Novartis vet Usman “Oz” Azam and Penn researcher Carl June are two of the ultimate insiders in the CAR-T revolution. They each played prominent roles in advancing Novartis’ breakthrough therapy Kymriah to an historic first-ever approval. They are now allied in an attempt to do it all much, much better with next-gen tech which just attracted a $100 million mega-round from an unconventional group of global globiotech investors.
And after staying quiet for more than a year, they’re already in the clinic with two open programs, playing a key role co-funding a cutting-edge cell therapy study at Penn using CRISPR to modify immune cells.

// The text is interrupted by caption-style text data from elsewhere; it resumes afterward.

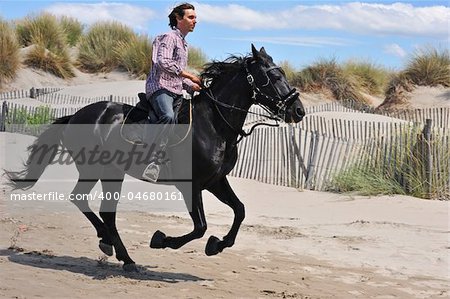 galloping black stallion and his rider on the beach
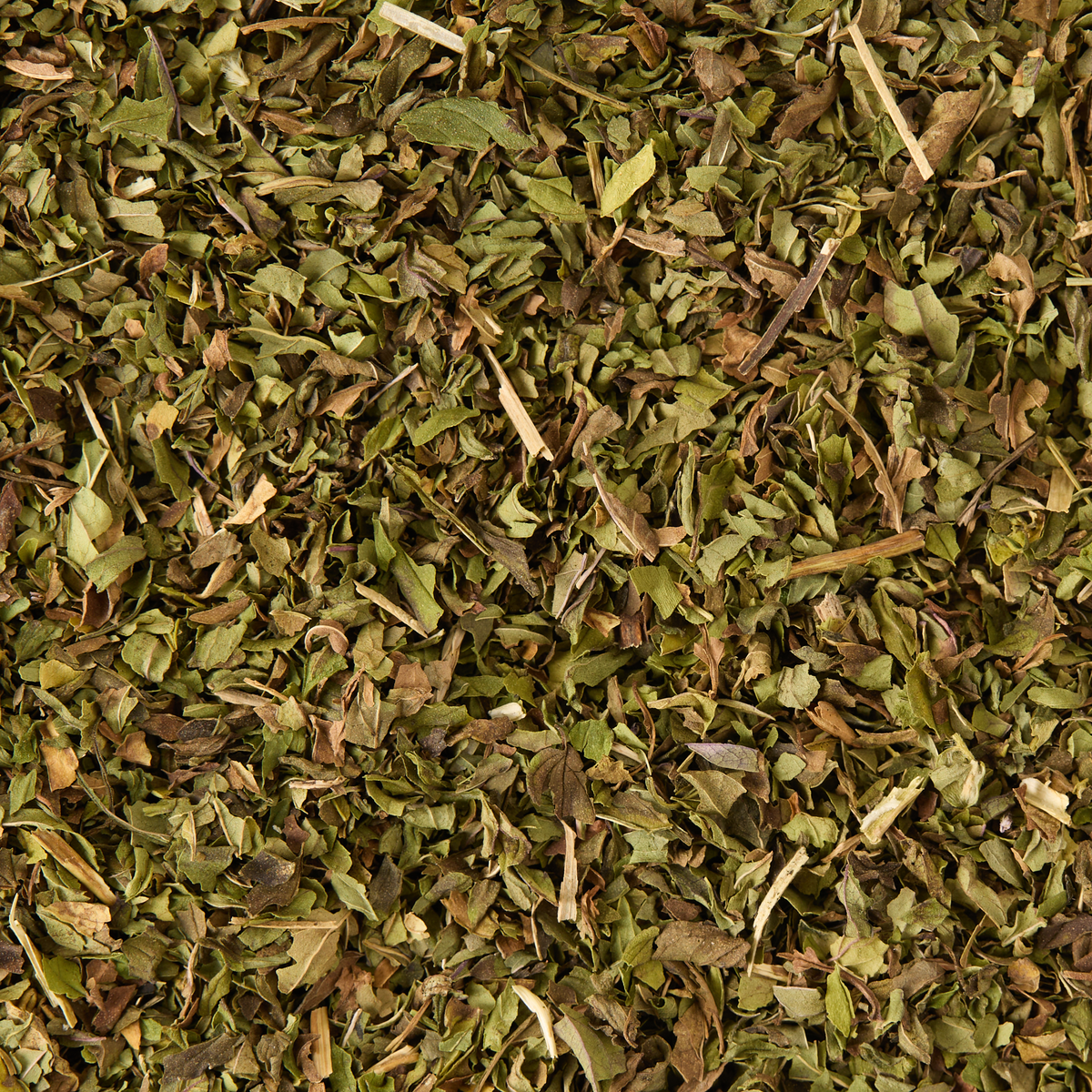 A close-up view of dried, chopped Peppermint Loose Infusion spread out evenly, revealing a mix of small, jagged leaves and slender stems.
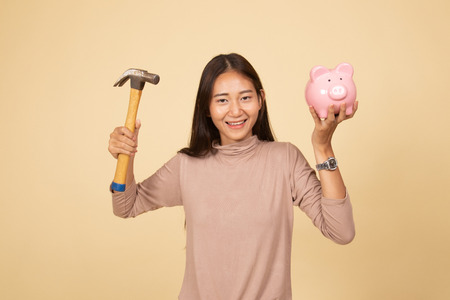 Asian woman with pig coin bank and hammer  on beige backgroundの写真素材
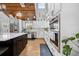 Bright, open kitchen features white cabinets, marble countertops, stainless steel appliances and wood floors at 13700 Sw 108Th Ln, Dunnellon, FL 34432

Azam, you may recall, headed up Novartis’ cell and gene therapy unit before its spectacular breakup a year and a half ago, as the pharma giant managed the unlikely task of slashing its costs while maintaining the lead on getting the first CAR-T therapy approved. As the restructuring went in place in the summer of 2016, Azam left and soon after jumped to the Penn spinout, remaining relentlessly under the radar — until today.
So what, given the billions of dollars being invested in I/O, makes Tmunity different from the rest of the growing crowd?
Azam quickly zeroes in on June and the network of scientists at Penn enlisted in the exclusive collaboration deal they have to work together.
It’s the “biotech-like structure that Carl founded, that can translate these therapies through the regulatory hurdles and into clinical trial settings” that make one key difference, he says.
Azam offered that Tmunity along with the Parker Institute for Cancer Immunotherapy are funding a newly opened — and closely watched — trial at the University of Pennsylvania using CRISPR gene editing tech to modify cancer cells. And he adds there’s also a clinical trial underway in prostate cancer they’re backing as well, with more programs in the pipeline out of Penn.
I asked Azam if there was one key thing he had learned about the field at Novartis. His reply:
“The big learning I had was linking and bringing together translational medicine and manufacturing as soon as possible.”
The journey from proof-of-concept to commercialization was just 7 years, he adds. “That’s pretty breathtaking.” And doing it required a quick leap from early clinical development in translational medicine and “embracing manufacturing and technical competencies early on. That’s been the biggest challenge for the field. Not just academic setting success, but making products.”
The investors include:
— Gilead, the new owner of CAR-T player Kite, which has vowed to stay in the forefront of new tech in the space.
— The Parker Institute, the nonprofit research group backed by FaceBook billionaire Sean Parker, out to spark new brushfires of innovation.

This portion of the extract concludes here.